The stage that we covered on the 26th June, still west-south-west down the same latitudinal valley, which had an imperceptible slope in the same direction, was every bit as monotonous as its predecessor. All this time we had the range of the Arka-tagh on the north, and the smaller parallel range on the south. The latter increases in size towards the west and at the same time bends west-south-west; there was some snow lying on its northern flank. But this range soon turned out to be an old acquaintance of the year before ; I recognised again the solitary pyramidal peak, by the eastern foot of which a year ago we had descended from the high Camp LX to the lake, and I also recognised again the sharp pyramidal peaks that rise to the west of it.
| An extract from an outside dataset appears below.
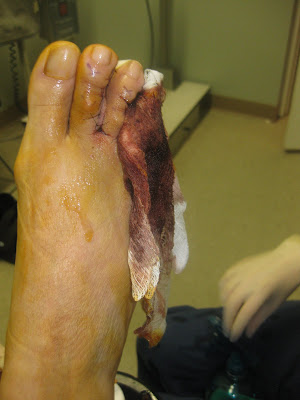 hammertoes holy bandage change surgery hammer toe hammertoe shortening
The going was however favourable, the surface being everywhere firm, except occasionally in the bed of this or the other watercourse. The country was less broken. There were indeed freshwater pools, but they were less numerous than before. Down some of the transverse glens in the southern range ran brooks of clear water in rather deep, but broad beds. In these the right terraced bank is usually steep, but the left has a gentle gradient (fig. 344). All the brooks that issue out of this southern range flow towards the north, either to unite with the larger river which comes from the east and disembogues in the large lake or else to empty themselves into the small lakes. These were in this quarter generally frozen over and always contained fresh water; probably they have some sort of underground connection with the large lake which lies at a lower level. When seen in profile, the flank of the southern range is generally stepped : on the top is the actual crest with its steeper declivity; then gentle hills, which end in a rather abrupt terrace, sometimes double; and at the bottom of all comes the valley itself, sloping slowly and evenly down to the centre of the depression (fig. 345).

Fig. 345.

We now caught glimpses of the great lake to the north-west and west. Once we had left the last of the hills behind us, we found ourselves traversing the level grassy steppe that slopes imperceptibly down to the lake-side. We readily identified the spot where we had encamped (Camp LXI) the autumn before on the left bank of a brook ; the ashes and camel-droppings were still there plain enough to see.

Fig. 344.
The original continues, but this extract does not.